Le fait est qu'on n'y peut pas grand-chose, si ce n'est (attention solution miracle) développer la contraception pour hommes. Ce serait le seul moyen valable (et juste) de leur redonner du pouvoir sur la situation, parce que comme je l'ai expliqué on ne peut pas leur donner du pouvoir sur la grossesse (à moins de léser les femmes et leur droit à disposer de leur corps) et on ne peut pas non plus leur permettre de ne rien assumer après la grossesse (à moins de léser l'enfant qui a des droits une fois qu'il est né, et dont le père biologique est un minimum responsable).

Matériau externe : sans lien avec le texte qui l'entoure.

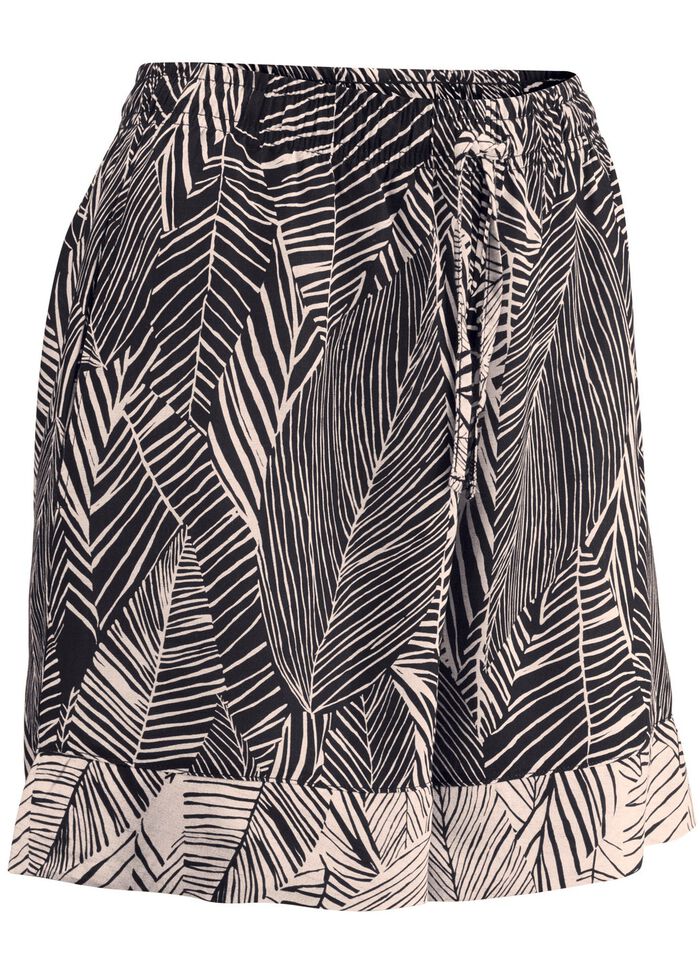 Laurina shorts van viscose 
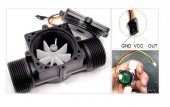 YF-S201 Su Akış Sensörü ve Hidrolik Basınç Sensörü Water Flow Sensor thumbnail 6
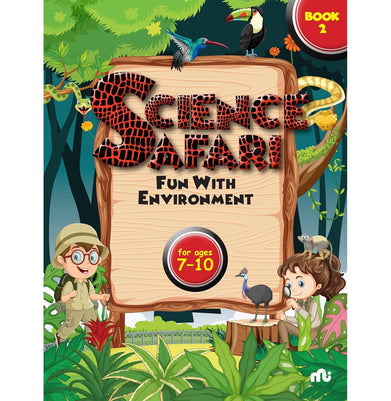 imagScience Safari: Fun with Environment Book 2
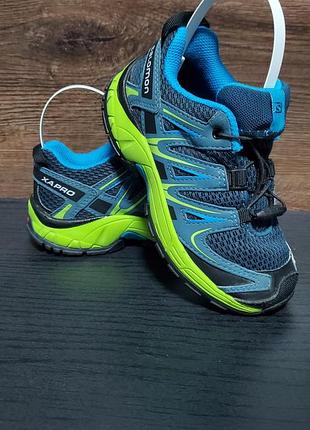 Детские треккинговые кроссовки salomon xa pro 3d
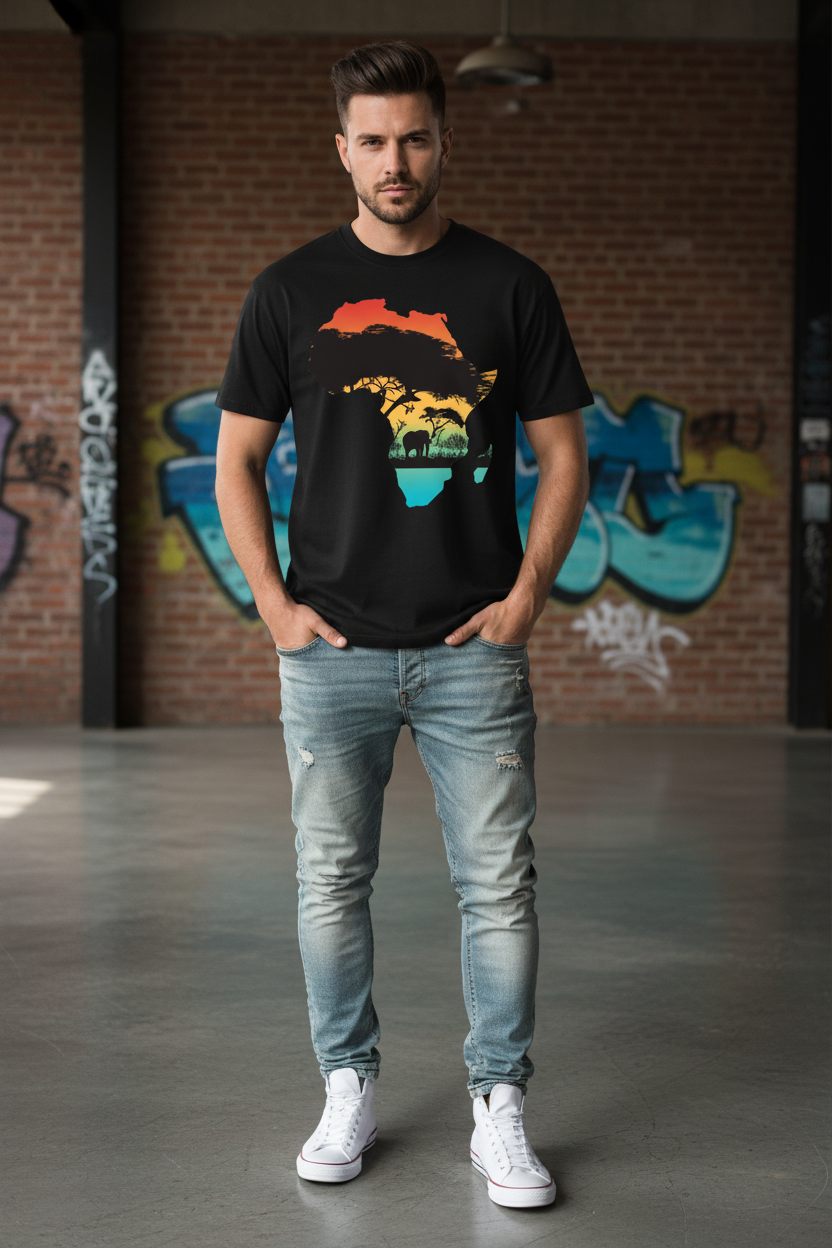 Men Essential Cotton T-Shirts - ACE
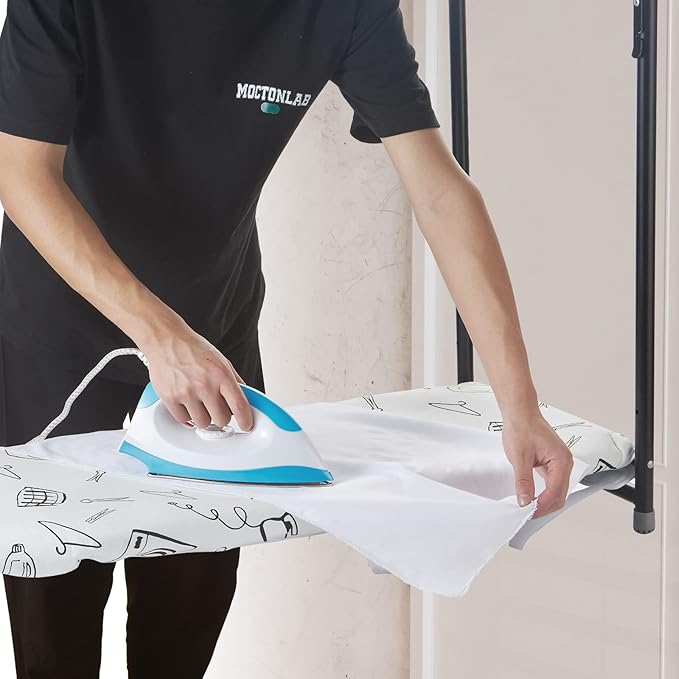 Seiritex Over The Door Ironing Board Cover 13 x 37 inch, Small Iron Board Cover - Image 2
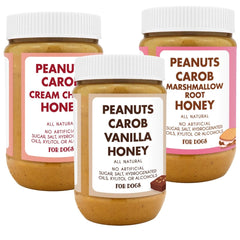 Buddy Budder Brownie Butter jar, smooth spread ideal for lick mats.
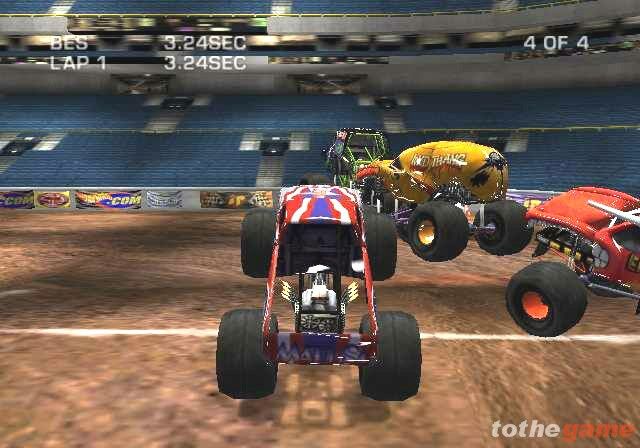 Monster Jam Maximum Destruction screenshot 11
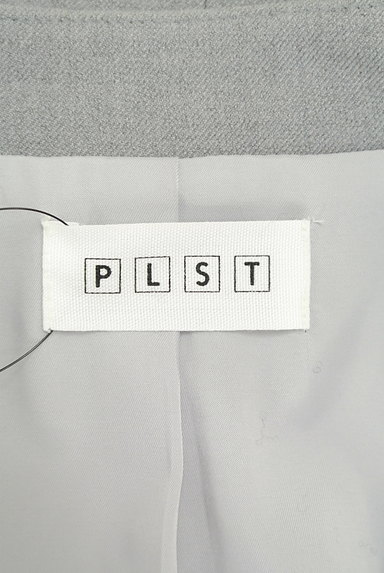 PLST（プラステ）の古着「ノーカラーワンボタンジャケット（ジャケット）」大画像６へ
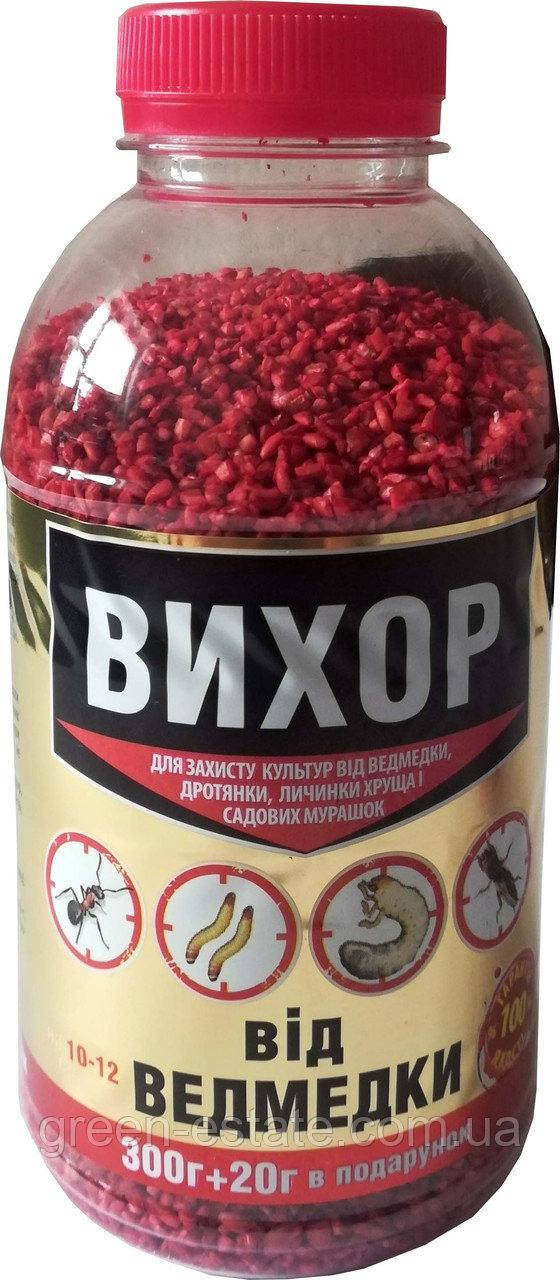 

Вихор от медведки микро-гранулы 320 г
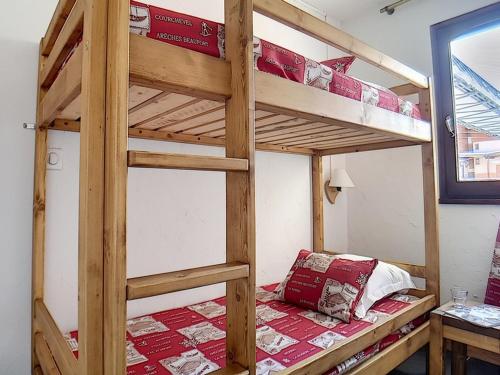 Appartement rénové 2 pièces, skis aux pieds, 4 pers, WiFi - FR-1-344-955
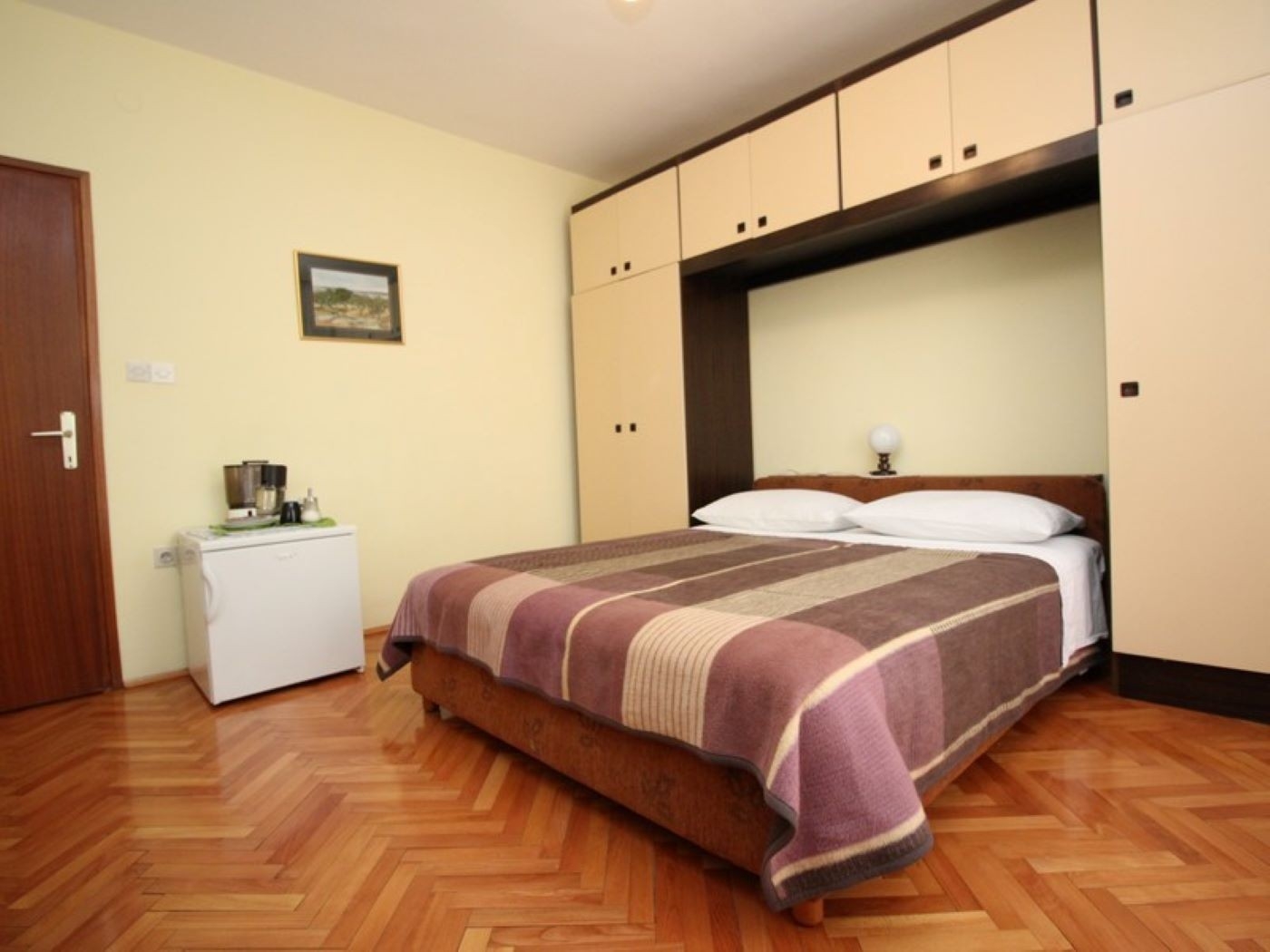 Room with balcony Punat, Krk (S-24848-a)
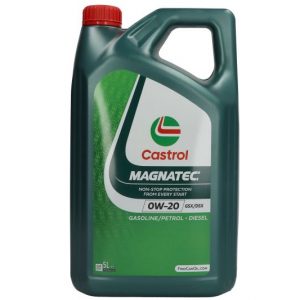 Ulje za motor CASTROL MAGNATEC 0W20 GSXDSX 5L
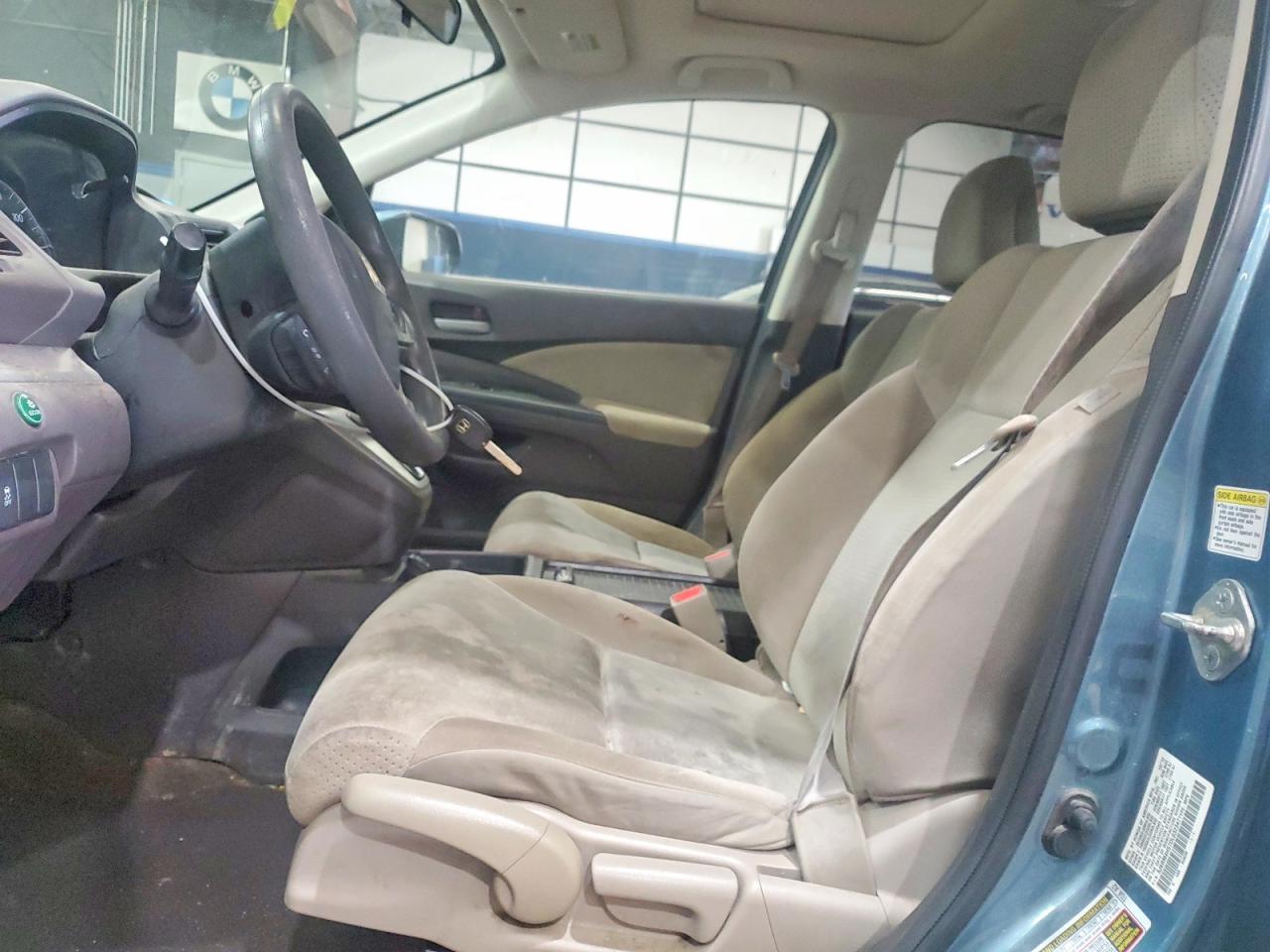 2013 Honda Cr-v Ex Teal vin: 5J6RM4H57DL032347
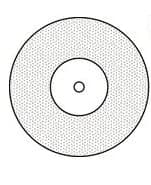 Two Striper Thin-Flex Diamond Discs, Double-Sided with Mandrel, 927-7, 0.15 mm, 45 Micron, 7/8" Diameter, 2/Pk, 2012654 thumbnail 6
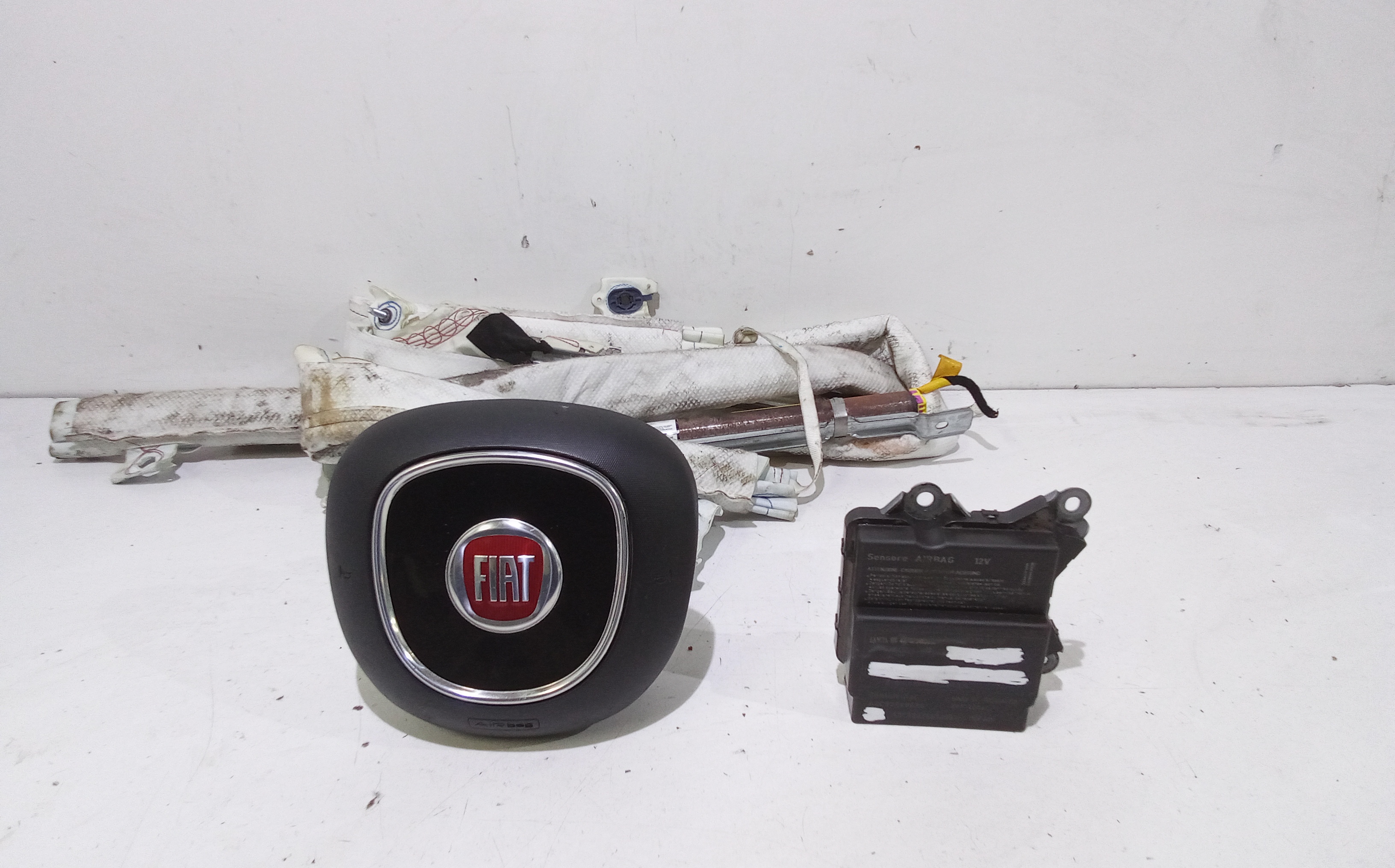 Kit Airbag Completo per Fiat 500 L Serie (351_352) (12>) (2012 - In produzione)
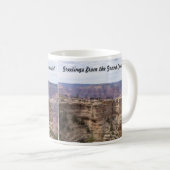 Mug Grand Canyon, Arizona (Devant droit)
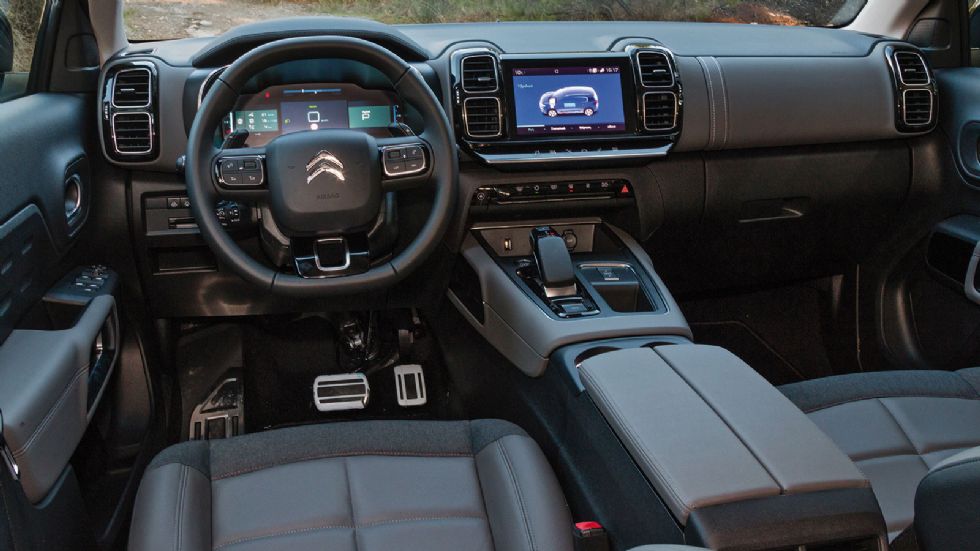 SUV Range by Citroen: H περιπέτεια συναντά την άνεση στα C3 και C5 Aircross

A eux donc de se bouger pour ça. Je rappelle que les hommes détiennent la grande majorité du pouvoir économique, politique et culturel, et qu'ils sont à la pointe de la recherche scientifique. S'ils souhaitent vraiment une contraception, ils peuvent l'obtenir (à moins que celle-ci existe déjà mais que les hommes, malgré leurs chouineries, ne souhaitent pas se taper les effets secondaires de la pilule que les femmes supportent déjà ? Oups terrain glissant...)
Mais l'amélioration de leur situation ne se fera pas en piétinant les droits des femmes, ni ceux des enfants. Attention aux combats que vous soutenez, ça pourrait vite se retourner contre vous en cas de dérives.